(Source records)
%%

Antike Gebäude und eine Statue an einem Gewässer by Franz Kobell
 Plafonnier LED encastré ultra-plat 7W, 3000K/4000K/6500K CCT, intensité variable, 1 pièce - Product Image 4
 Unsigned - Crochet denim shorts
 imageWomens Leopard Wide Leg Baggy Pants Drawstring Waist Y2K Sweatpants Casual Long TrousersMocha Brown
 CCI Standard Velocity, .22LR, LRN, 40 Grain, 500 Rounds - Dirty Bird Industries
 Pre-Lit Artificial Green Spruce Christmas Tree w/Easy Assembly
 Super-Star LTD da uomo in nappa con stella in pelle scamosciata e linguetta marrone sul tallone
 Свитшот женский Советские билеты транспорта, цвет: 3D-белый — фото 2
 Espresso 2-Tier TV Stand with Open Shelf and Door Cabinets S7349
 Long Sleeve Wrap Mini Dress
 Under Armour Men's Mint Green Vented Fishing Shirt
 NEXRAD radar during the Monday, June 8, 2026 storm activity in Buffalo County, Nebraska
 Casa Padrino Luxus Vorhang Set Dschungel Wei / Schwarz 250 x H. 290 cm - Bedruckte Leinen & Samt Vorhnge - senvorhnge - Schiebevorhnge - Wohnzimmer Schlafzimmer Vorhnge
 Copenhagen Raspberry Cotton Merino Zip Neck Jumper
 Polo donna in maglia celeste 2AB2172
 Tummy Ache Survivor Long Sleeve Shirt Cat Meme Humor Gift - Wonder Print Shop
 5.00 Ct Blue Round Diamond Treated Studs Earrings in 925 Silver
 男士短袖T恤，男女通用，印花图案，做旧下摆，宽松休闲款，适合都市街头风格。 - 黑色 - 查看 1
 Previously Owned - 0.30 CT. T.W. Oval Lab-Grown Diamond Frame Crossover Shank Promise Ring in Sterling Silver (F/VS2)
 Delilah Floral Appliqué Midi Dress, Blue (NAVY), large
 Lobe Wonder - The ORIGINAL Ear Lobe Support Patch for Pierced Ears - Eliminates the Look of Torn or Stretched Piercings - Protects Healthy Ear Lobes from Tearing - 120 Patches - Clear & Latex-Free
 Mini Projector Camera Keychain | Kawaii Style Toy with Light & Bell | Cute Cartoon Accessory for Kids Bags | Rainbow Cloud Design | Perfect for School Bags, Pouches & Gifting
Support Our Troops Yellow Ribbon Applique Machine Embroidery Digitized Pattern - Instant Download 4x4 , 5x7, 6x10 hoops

%%

**WORK INSTRUCTIONS:**
Look through the entries and find each line that has the string "Dress". Copy those lines.

**ANSWER TO THE PROBLEM:**
 Long Sleeve Wrap Mini Dress
 Delilah Floral Appliqué Midi Dress, Blue (NAVY), large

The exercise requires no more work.